La envidia es como un peso invisible que cargamos sin darnos cuenta. Surge cuando miramos lo que otros tienen —un mejor trabajo, una casa más grande, una vida aparentemente perfecta— y sentimos que nos falta algo. Pero, ¿es realmente el éxito ajeno el que nos hiere, o es nuestra propia forma de pensar la que nos atrapa? La frase «el que envidia sufre» no podría ser más cierta: la envidia no cambia la vida de quien envidiamos, pero sí envenena la nuestra.

Pensemos en un ejemplo cotidiano. Imagina a alguien que pasa horas en redes sociales, comparando su rutina con las fotos cuidadosamente editadas de un influencer. Cada publicación brillante alimenta un vacío, una sensación de no estar a la altura. Sin embargo, lo que no vemos es el esfuerzo, las inseguridades o los fracasos detrás de esas imágenes perfectas. La envidia nos ciega, nos hace olvidar nuestras propias fortalezas y nos empuja a un ciclo de insatisfacción. ¿Vale la pena sufrir por una ilusión?

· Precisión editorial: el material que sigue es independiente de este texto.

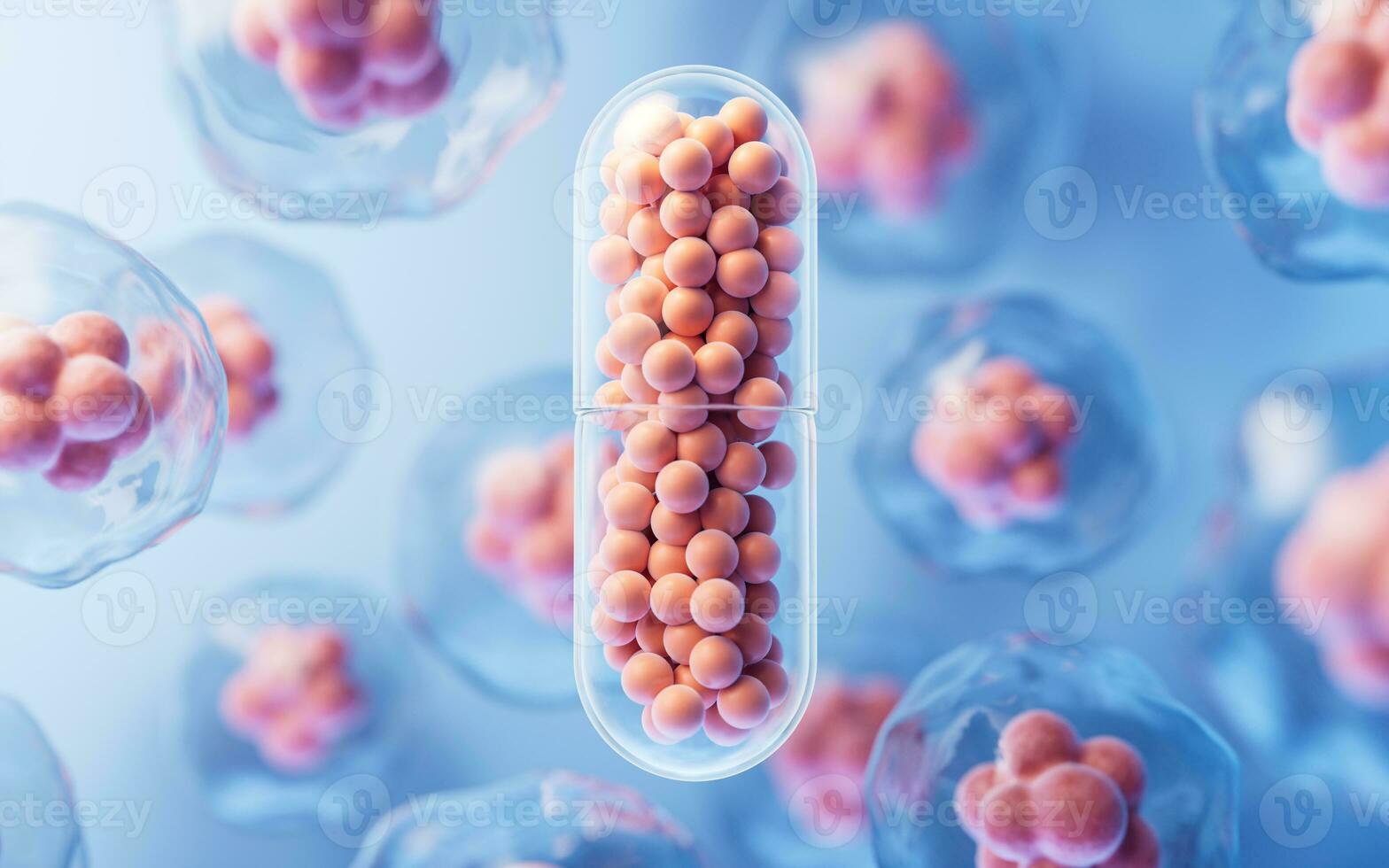 Medical capsule and transparent cell, 3d rendering. photo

El problema no está en desear mejorar, sino en dejar que la comparación nos robe la paz. La próxima vez que sientas esa punzada de envidia, pregúntate: ¿esto me ayuda a crecer o solo me amarga? Cambiar la perspectiva no es fácil, pero es el primer paso para liberarnos de ese sufrimiento autoimpuesto. La envidia no es solo un sentimiento; es una señal de que algo en nosotros pide atención. ¿Y si, en lugar de mirar al otro, empezamos por mirar hacia adentro?